Nachdem ich den dunklen Torweg passiert habe, finde ich mich in einem hellen, freundlichen Innenhof. Gefangen wird mein Blick von einem Brunnen, einstmals aus Italien importiert. Majestätisch residiert er in der Mitte des Hofes, scheint alle Gäste zu begrüßen.
Die Räume der Mädchen befinden sich in der ersten Etage über den Klassenräumen und der Aula. Die großen Fenster öffnen weite Blickdiagonalen zu uralten Bäumen und weiträumigen Wiesen. Umrandet von unterschiedlichsten Grüntönen, dem satten Grün der Rhododendren, den frischen Trieben der Wiesen und den zarten Knospen der Weiden, ruht ein friedlicher Teich, nur belebt durch Enten und Schwäne. Später wird als Glanzstück eine Fontäne installiert.

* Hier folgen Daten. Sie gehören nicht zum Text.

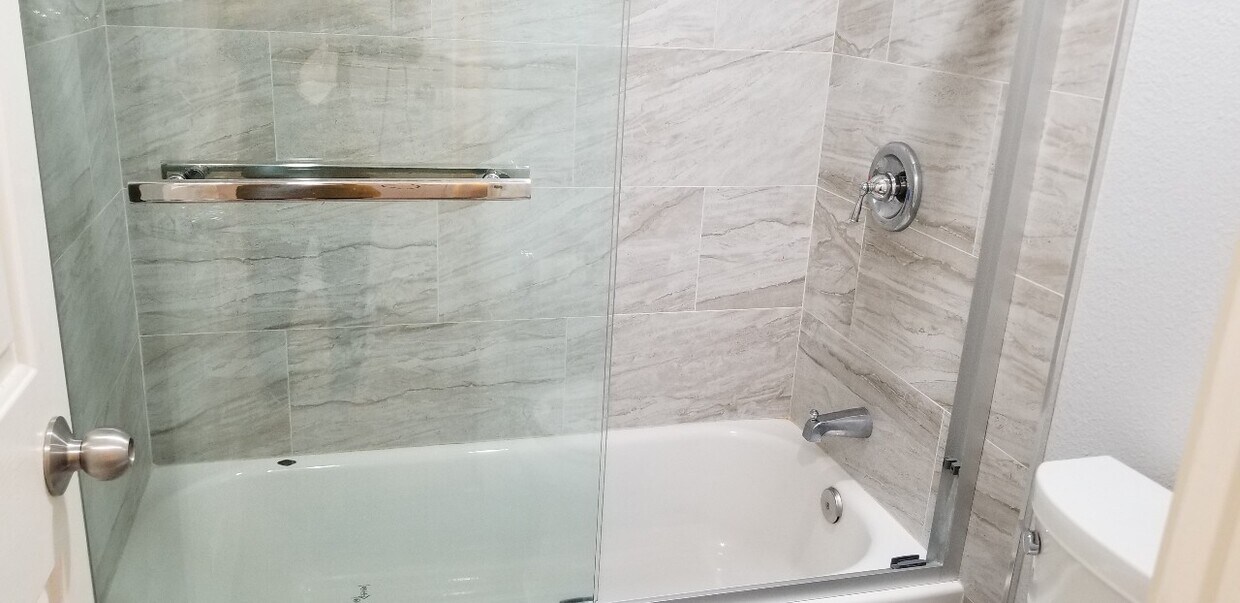 Foto principal - 5471 Sanchez Dr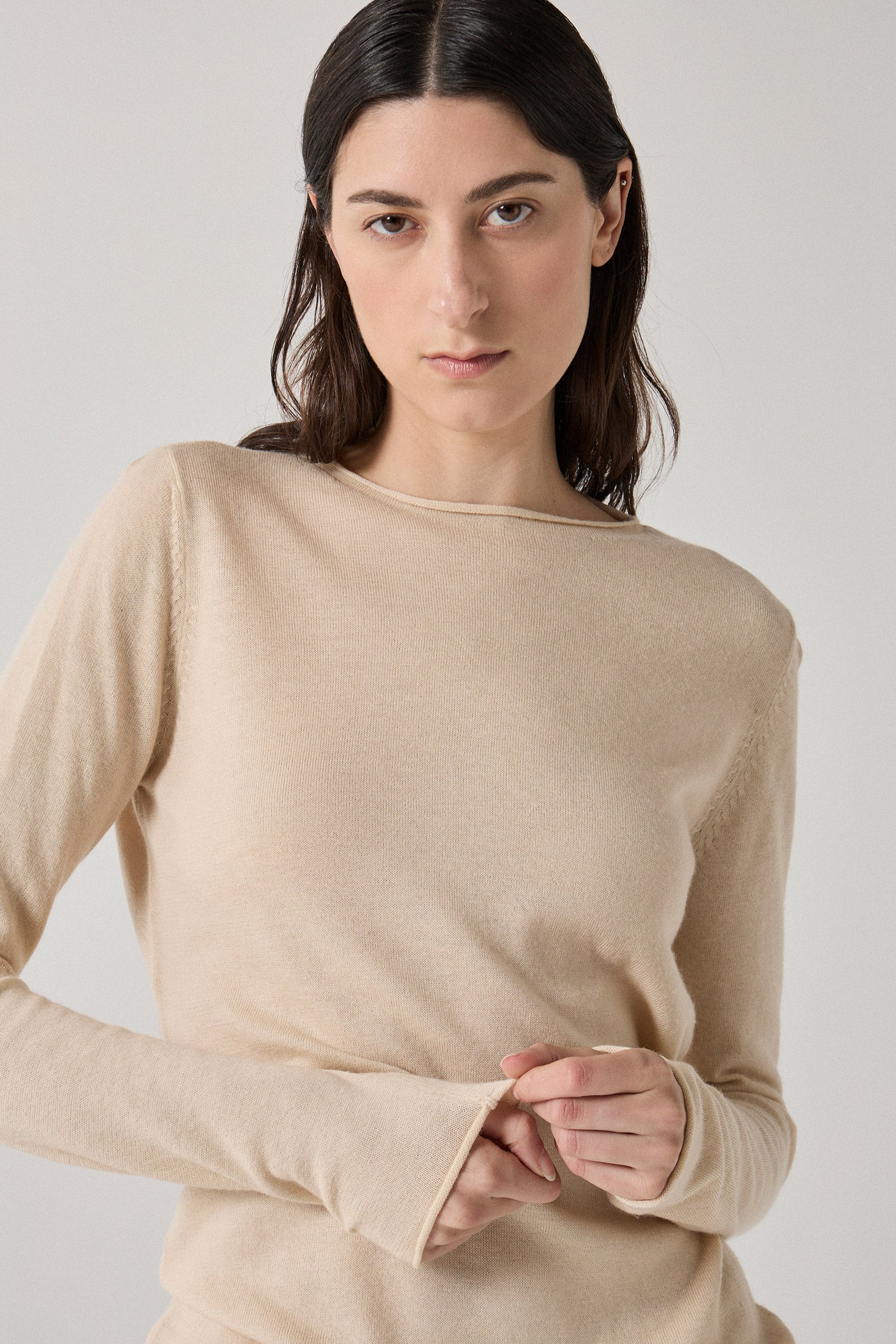 Cashmere Fitted Crew Neck - Parchment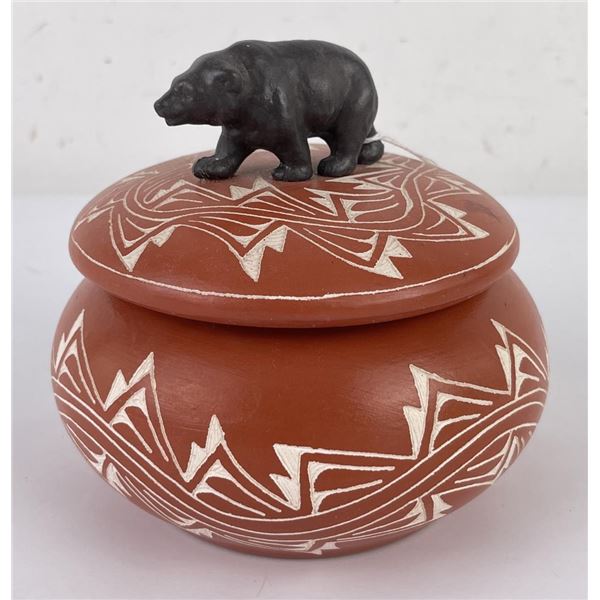 Laguna Pueblo Indian Lidded Bear Pot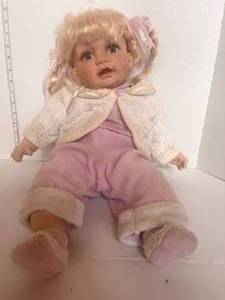 lot 149 image: Royal Cathay 1515000 Porcelain Doll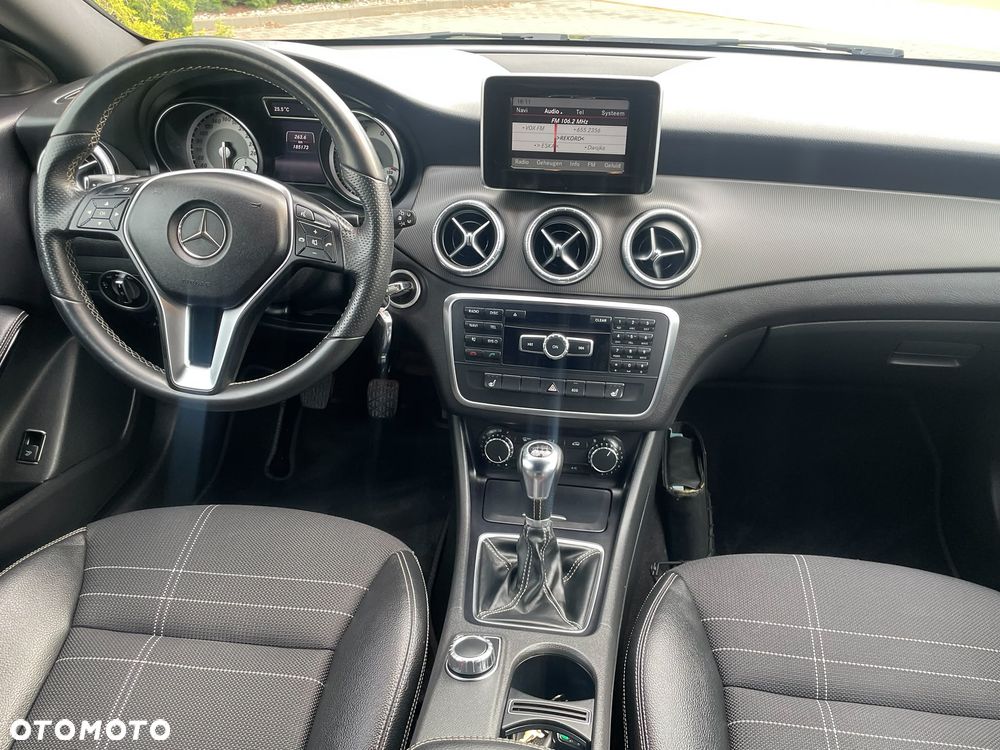 Mercedes-Benz CLA 180 AMG Line - 23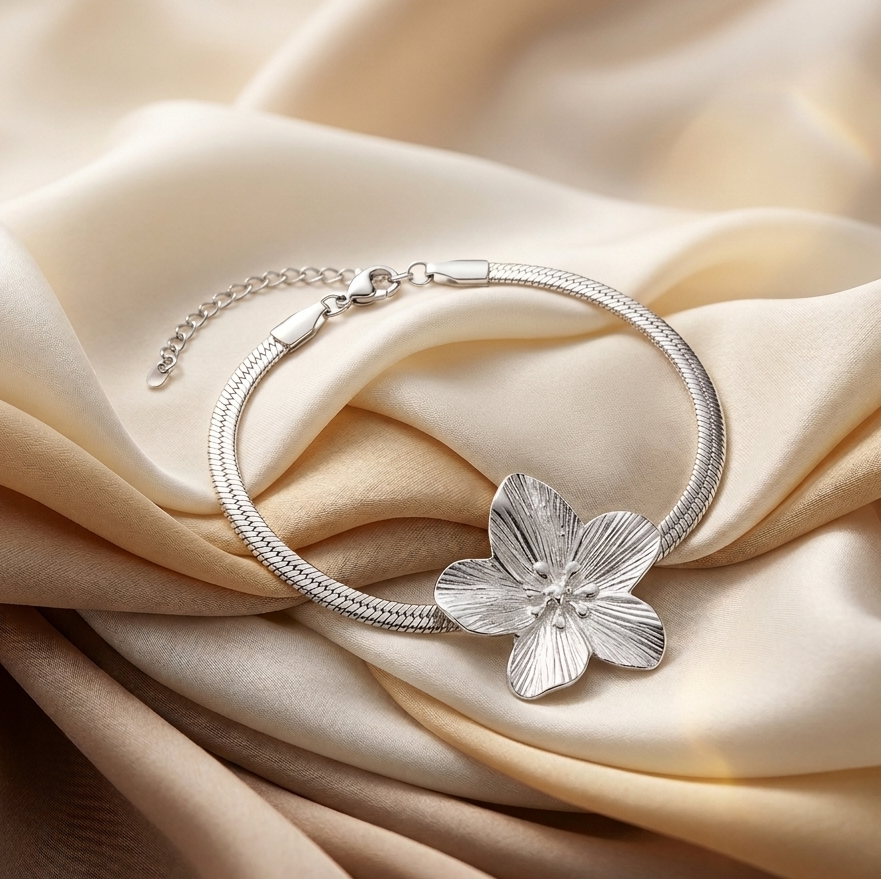 Silver Floria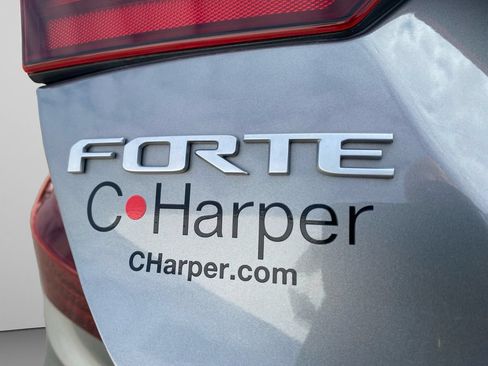 Certified 2023 Kia Forte GT FWD image 17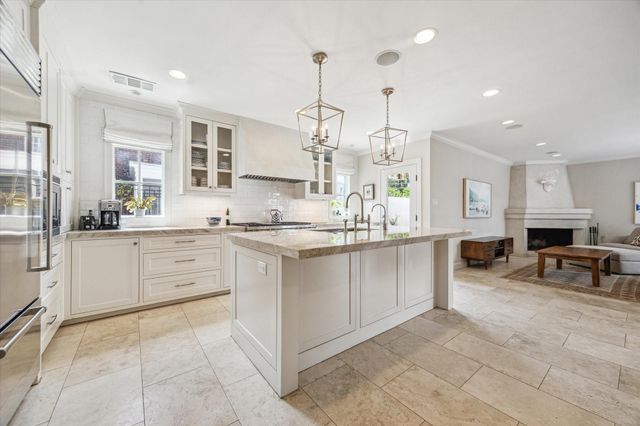 2510 Locke Lane, Houston, TX 77019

Es fehlte nur sanfte Musik und der Mond würde im abendlichen Schleier die Schwanenkönigin und ihre Gefährtinnen heraufbeschwören.
In diesem Lernschloss wollte ich im Frühjahr `55 bleiben und im nächsten Jahr das Abitur ablegen.
Wenn nur nicht das Fach Russisch gewesen wäre, dessentwegen ich hierher geschickt worden war. In kam in eine Klasse, in der in einigen Fächern nur Russisch gesprochen wurde, z.B. in Wirtschaftgeographie der Sowjetunion. Tschechow, Lermontow wurden im Original gelesen. Für Sprachen habe ich kein Talent. Lehrer und Mitschüler waren sehr entgegenkommend und halfen mir. Bis zum Sommer kam ich über eine Vier im schriftlichen Russisch jedoch nicht hinaus. Zum Abi war eine bessere Zensur nicht zu erwarten. Mit solchem Zeugnis würde ich keinen Studienplatz erhalten.
Ich sprach mit Herrn Diecke, dem Direktor, und bat um ein Jahr Rückstellung. Meine Argumente schienen ihm plausibel, zumal ich das Abi nicht mit 16 Jahren ablegen musste
Meine Eltern informierte ich schriftlich.
Trotzdem quälte ich mich durch den Russischunterricht. Eine ordentliche Zensur würde ich nie erreichen. So schloss ich mit Edgar, der in der Sowjetunion aufgewachsen war, einen Pakt. Wir beschlossen zu schummeln.
Bei den schriftlichen Arbeiten hatten wir einen Text, den Herr Gellrich mündlich vortrug, in eigenen Worten wiederzugeben. Ich konnte zwar inzwischen recht gut verstehen, aber aufschreiben? Es war üblich, erst auf einem Schmierzettel ins Unreine zu entwerfen. Edgar brauchte keine Rohfassung. So konnte er auf seinem Zettel meine Arbeit schreiben. Unauffällig auffällig legte er ihn in die Mitte der Bank. Niemand kam auf die Idee, dass es nicht mein Zettel war. Außerdem saßen wir bewusst in der Mitte der ersten Reihe, über die ein Lehrer stets hinwegschaut. Die erste Reihe hat außerdem den Vorteil, bei mündlichen Leistungstests vorsagen zu können. So erreichte ich eine annehmbare Zensur. Auf die mündliche Abi-Prüfung, die eigentliche Pflicht war, verzichteten die Lehrer. Gewiss wollten sie weder sich noch mich vor dem Prüfungsausschuss blamieren.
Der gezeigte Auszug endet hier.